Qu’est-ce qu’il y aura à la place du dépotoir ? « Une superficie de 550 000 mètres carrés gagnée sur la mer », répond-il. À quoi servira-t-elle? « Il est trop tôt pour le dire, souligne-t-il. Mais il s’agira de nouveaux terrains pour la ville, appartenant à l’État bien sûr. »


Cet immense remblai ne fait pas l’unanimité. L’ONG Bahr Loubnan avait proposé un plan différent de celui de la municipalité, qui consistait à remplacer le dépotoir par un jardin en y traitant les déchets sur place, en plaçant une géomembrane pour empêcher les ordures de tomber dans l’eau, et sans remblayer la mer. Rima Tarabay, vice-présidente et fondatrice de l’association, insiste sur les dégâts écologiques qui résulteront d’un tel remblai, selon elle : le phytoplancton (organisme principal à la base de la chaîne alimentaire) disparaîtra, les rayons de soleil qui alimentent la production marine ne pourront plus accéder aux zones plus profondes, l’érosion des plages en sera aggravée, toute modification du littoral emportera les courants des éléments nutritifs, menant à la disparition de la biodiversité marine, les vagues s’abattront plus violemment en périodes d’intempéries et pourront conduire à des catastrophes, etc.

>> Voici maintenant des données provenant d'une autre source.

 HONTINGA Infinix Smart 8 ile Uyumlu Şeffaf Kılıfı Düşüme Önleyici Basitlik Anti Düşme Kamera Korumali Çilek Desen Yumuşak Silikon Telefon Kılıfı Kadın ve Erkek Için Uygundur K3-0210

Une « réputation mondiale désastreuse »
Quoi qu’il en soit, les mots prononcés hier reflétaient un immense soulagement. L’impact désastreux du dépotoir sur le littoral libanais a été mis en évidence par le ministre de l’Environnement Nazem Khoury lors de son intervention. Celui-ci a rappelé qu’« une étude de la Banque mondiale datant de 2004 avait montré que le coût de la dégradation écologique dépasse les 110 millions de dollars par an ». Il a également déploré la désastreuse réputation mondiale que cette « montagne » donne au Liban. « J’espère que vous serez conscients de votre responsabilité aujourd’hui pour redorer le blason du Liban, la balle est dans votre camp », a-t-il déclaré.


L’ancien Premier ministre Fouad Siniora a mis en valeur les progrès à venir dans la réalisation du projet, se félicitant du début de la construction de la jetée « qui séparera le dépotoir de la mer, polluée régulièrement par ses effondrements ». Il a estimé que la réalisation du projet aidera au progrès de la ville « par cette opération de remblai qui donnera à Saïda le plus grand terrain remblayé et qui représente une importante occasion ».


La dégradation écologique générale et ses conséquences sur tous les aspects de la vie économique et sociale a été évoquée par M. Watkins. « Dans ce cadre, le PNUD apporte un appui au Liban, depuis deux décennies déjà, par des politiques de sensibilisation et des projets concrets, a-t-il dit. L’inauguration du projet de réhabilitaion de ce dépotoir concentre en lui toutes ces valeurs et toute notre détermination. »


Mme Hariri a insisté sur la « longue attente » des habitants de Saïda. Elle a annoncé que le traitement de ce dépotoir s’accompagnera de programmes de sensibilisation de la population à la bonne gestion des déchets, ainsi que des programmes éducatifs dans les écoles, afin que « les nouvelles générations grandissent avec des principes sains et que ce désastre ne se répète pas ».


Enfin, Mohammad Saoudi, président du conseil municipal de Saïda, a estimé que « la signature de ce protocole (entre le ministère et le PNUD) est une garantie que la réhabilitation du dépotoir sera réalisée suivant les critères internationaux ». « Cela est une preuve du sérieux avec lequel ce projet est mis en place », a-t-il ajouté.